# REQUIRED ACTION
Whenever a line below includes the string "Silver", show it.

# RECORDS FOR THE TASK
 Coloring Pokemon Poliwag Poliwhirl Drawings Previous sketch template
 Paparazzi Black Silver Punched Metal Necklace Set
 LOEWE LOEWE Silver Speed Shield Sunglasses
--
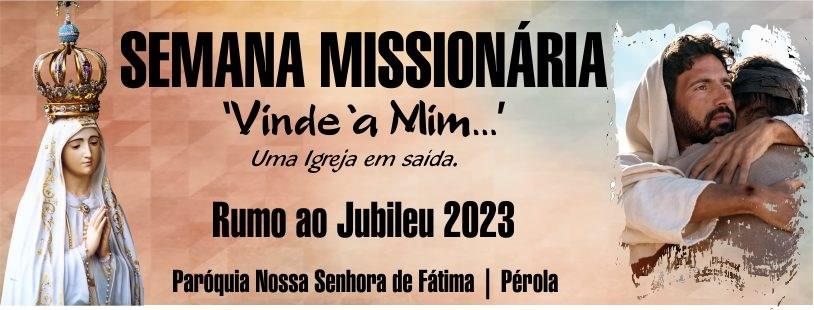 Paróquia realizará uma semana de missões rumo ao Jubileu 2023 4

# EXERCISE OUTPUT
 Paparazzi Black Silver Punched Metal Necklace Set
 LOEWE LOEWE Silver Speed Shield Sunglasses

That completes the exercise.